Semi-automatic detection of increased susceptibility in multiple sclerosis white matter lesions imaged with 1.5T MRI
By: Karen Holzberger, President & CEO of SpinTech MRI
Author(s): L. Pelizzari a, N. Bergslanda,b, D. Utriainenc,d,e, S. Viotti a, F. Baglioa, L. Mendozzi a, P. Cecconi a, E.M. Haackec,d,f , P. Zamboni g, M.M. Laganàa,∗
Journal: Biomedical Signal Processing and Control
Read Full Paper: https://www.sciencedirect.com/science/article/abs/pii/S1746809420301993
The identification of regions of increased susceptibility (RoIS) in multiple sclerosis (MS) white matter lesions (WML) is currently performed by the radiologist’s visual inspection of magnetic resonance imaging (MRI) data acquired with high-field MRI scanners. The aims of this study were: 1) to define and validate a semi-automatic method for detecting RoIS in WML from quantitative susceptibility maps (QSM) and susceptibility-weighted imaging (SWI) acquired with a 1.5 T MRI scanner; 2) to assess the prevalence of WML with RoIS and the susceptibility in those areas; and 3) to test the association between RoIS in WML and clinical outcomes.
Thirty-eight MS patients were scanned on a 1.5 T MRI scanner.

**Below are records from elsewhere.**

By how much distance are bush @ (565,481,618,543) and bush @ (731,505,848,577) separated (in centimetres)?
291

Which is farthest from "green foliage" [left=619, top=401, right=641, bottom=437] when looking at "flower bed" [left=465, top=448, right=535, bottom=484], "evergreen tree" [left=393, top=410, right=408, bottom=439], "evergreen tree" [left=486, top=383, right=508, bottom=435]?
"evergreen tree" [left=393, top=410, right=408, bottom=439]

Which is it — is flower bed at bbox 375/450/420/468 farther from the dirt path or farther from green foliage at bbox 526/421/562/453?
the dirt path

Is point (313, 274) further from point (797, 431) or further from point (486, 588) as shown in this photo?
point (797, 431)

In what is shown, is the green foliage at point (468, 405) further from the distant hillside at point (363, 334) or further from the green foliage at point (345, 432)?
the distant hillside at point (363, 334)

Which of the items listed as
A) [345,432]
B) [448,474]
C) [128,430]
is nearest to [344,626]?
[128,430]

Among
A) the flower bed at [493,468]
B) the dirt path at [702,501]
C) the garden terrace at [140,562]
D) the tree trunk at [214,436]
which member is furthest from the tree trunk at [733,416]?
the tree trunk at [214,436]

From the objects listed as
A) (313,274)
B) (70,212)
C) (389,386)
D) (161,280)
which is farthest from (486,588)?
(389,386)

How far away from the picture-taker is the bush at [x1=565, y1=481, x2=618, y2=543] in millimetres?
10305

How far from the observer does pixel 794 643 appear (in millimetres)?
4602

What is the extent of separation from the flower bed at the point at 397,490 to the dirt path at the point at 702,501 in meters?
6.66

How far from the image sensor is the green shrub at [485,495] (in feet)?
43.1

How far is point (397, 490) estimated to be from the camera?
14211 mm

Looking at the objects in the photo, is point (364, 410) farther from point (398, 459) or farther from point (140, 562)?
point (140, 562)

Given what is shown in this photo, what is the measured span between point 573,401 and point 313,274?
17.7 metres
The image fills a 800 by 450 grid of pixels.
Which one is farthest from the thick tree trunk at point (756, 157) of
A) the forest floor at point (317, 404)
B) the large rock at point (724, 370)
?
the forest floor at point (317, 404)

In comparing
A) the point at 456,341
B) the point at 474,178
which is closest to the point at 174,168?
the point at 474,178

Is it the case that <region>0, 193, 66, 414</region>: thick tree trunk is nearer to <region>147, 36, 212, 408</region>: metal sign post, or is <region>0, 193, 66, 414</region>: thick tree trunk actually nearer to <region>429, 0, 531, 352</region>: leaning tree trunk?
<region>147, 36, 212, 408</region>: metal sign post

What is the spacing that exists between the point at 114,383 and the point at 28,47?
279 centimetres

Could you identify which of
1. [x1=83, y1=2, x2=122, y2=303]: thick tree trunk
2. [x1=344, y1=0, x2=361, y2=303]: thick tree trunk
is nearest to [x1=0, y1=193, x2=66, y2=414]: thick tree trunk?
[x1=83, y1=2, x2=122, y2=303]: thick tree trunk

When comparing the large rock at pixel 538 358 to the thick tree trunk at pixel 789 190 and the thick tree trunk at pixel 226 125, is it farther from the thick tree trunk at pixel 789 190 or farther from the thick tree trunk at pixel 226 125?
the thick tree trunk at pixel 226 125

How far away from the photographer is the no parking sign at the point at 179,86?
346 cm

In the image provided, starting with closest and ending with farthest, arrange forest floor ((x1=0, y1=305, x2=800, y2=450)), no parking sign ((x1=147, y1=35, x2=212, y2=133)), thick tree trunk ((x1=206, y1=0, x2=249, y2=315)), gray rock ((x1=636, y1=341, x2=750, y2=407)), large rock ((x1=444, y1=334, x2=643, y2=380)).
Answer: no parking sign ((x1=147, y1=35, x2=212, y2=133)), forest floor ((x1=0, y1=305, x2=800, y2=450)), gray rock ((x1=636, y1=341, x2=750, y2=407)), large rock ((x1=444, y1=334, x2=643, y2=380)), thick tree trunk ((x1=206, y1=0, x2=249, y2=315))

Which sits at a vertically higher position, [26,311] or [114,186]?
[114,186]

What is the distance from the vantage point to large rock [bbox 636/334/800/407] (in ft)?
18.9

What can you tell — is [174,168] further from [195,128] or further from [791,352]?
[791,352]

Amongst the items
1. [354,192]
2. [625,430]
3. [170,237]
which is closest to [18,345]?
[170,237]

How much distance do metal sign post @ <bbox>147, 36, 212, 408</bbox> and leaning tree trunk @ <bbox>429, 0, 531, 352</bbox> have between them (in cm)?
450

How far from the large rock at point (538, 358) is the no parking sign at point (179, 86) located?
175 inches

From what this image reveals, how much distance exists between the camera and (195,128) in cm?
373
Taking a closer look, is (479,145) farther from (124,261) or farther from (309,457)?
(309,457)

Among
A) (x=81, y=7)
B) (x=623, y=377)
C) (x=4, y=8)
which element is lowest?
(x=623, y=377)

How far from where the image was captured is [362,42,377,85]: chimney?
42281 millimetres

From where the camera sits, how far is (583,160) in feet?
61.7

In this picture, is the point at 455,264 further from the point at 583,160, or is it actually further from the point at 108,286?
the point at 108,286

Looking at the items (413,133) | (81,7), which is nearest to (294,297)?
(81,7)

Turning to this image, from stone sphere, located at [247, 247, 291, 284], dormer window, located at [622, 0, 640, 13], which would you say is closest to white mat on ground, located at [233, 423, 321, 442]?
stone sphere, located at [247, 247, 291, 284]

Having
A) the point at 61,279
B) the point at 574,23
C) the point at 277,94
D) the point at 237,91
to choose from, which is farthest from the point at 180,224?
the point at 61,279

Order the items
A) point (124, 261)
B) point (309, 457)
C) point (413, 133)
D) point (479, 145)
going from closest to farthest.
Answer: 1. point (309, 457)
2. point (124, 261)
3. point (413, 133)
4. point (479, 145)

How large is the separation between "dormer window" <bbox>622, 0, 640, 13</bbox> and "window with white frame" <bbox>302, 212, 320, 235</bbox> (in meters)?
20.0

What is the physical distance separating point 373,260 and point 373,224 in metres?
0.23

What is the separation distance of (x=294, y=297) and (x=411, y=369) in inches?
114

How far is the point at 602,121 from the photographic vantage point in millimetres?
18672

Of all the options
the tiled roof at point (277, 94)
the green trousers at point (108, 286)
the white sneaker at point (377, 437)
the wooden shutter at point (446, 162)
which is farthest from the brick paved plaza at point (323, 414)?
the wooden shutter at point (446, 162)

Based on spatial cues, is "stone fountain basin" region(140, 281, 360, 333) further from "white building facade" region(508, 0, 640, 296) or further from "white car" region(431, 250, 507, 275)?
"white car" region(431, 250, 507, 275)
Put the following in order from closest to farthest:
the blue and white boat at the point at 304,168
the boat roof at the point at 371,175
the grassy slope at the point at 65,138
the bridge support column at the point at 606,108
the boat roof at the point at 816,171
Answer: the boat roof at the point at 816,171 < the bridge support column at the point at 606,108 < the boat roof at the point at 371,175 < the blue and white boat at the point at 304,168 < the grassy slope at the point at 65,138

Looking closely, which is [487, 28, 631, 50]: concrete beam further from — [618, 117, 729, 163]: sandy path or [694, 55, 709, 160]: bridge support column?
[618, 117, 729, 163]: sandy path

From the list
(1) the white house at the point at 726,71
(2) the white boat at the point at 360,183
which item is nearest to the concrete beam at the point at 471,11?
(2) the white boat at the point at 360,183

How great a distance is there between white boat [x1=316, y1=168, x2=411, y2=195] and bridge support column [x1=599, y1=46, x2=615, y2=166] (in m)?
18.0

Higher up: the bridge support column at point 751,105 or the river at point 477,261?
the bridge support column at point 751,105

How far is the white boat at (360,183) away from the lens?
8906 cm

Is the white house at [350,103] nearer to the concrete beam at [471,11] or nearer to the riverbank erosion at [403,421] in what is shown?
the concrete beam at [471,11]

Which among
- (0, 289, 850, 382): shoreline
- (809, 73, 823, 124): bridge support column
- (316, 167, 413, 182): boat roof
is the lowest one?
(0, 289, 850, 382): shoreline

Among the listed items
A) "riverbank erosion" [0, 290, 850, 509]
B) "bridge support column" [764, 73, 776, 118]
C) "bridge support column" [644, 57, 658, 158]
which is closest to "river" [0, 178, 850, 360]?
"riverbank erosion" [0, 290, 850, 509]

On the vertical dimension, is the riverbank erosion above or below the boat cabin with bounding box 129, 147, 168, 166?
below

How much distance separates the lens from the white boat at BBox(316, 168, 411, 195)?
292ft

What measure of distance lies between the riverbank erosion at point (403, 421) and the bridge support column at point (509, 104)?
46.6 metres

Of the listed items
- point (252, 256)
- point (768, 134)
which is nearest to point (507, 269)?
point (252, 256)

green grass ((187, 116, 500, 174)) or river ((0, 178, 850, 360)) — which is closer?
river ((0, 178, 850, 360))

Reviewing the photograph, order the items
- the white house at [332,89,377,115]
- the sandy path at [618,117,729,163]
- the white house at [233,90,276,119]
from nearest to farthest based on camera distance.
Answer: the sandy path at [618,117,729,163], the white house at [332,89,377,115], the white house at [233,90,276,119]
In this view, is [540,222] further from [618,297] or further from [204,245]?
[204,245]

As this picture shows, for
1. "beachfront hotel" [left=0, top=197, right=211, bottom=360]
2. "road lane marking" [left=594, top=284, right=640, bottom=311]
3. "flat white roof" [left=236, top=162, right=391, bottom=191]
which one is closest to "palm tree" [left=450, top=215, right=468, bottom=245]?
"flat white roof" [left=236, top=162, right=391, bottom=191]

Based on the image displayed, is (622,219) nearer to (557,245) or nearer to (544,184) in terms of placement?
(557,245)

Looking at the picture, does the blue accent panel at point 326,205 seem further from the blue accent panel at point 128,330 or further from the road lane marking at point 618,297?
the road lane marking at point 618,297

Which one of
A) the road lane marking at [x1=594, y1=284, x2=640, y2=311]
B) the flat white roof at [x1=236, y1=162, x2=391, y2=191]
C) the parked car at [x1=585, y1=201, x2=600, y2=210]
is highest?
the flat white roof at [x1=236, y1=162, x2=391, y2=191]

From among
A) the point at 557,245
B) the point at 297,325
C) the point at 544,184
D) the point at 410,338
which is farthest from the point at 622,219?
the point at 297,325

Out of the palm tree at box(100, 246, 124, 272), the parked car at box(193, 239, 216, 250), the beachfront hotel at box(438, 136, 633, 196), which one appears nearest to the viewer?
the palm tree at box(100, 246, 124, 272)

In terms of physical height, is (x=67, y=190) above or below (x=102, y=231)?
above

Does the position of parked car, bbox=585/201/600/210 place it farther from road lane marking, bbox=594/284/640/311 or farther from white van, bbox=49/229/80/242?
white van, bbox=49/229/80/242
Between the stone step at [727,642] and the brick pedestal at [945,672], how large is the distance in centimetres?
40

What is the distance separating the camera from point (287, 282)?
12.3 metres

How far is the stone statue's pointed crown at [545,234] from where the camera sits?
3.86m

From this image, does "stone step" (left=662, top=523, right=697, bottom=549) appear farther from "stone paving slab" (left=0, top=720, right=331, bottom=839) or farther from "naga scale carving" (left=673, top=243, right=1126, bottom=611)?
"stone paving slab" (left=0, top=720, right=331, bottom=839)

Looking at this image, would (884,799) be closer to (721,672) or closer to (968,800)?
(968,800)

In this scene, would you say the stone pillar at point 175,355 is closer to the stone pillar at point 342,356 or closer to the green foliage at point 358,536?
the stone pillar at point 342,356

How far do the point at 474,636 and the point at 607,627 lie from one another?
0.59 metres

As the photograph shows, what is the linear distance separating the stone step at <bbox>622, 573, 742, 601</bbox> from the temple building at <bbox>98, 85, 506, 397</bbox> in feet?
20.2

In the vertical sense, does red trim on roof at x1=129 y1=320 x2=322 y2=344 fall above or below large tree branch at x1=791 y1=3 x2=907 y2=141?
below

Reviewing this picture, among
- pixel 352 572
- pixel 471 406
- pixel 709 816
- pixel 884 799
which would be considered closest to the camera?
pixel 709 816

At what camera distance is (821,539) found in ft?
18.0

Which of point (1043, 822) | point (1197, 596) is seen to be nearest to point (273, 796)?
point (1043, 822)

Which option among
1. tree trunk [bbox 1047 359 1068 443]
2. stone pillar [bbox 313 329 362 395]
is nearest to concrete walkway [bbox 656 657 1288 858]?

T2-hyperintense WML were segmented and superimposed on SWI and QSM images. Two intensity thresholds were defined and consecutively applied for identifying RoIS within WML (thrhyper_QSM to identify QSM hyperintensity within WML and thrhypoSWI to identify SWI hypointensity within WML). The sensitivity and specificity were assessed on a subgroup of subjects. The numbers of WML with RoIS and RoIS volume were determined. Differences between phenotypes and correlations with clinical outcome were tested.
The method showed good sensitivity (95.6%) and specificity (92.1%). On average, 44.7% of the WML showed RoIS, occupying 11.0% of the total lesion volume, with an average susceptibility of 39.4 ± 12.2 ppb. The number of WML with RoIS was negatively correlated with disease duration (r = −0.342, p = 0.035).
The proposed semi-automatic method proved to be suitable for the detection of RoIS in WML at 1.5 T. This approach may be useful in longitudinal studies aiming to monitor susceptibility in WML.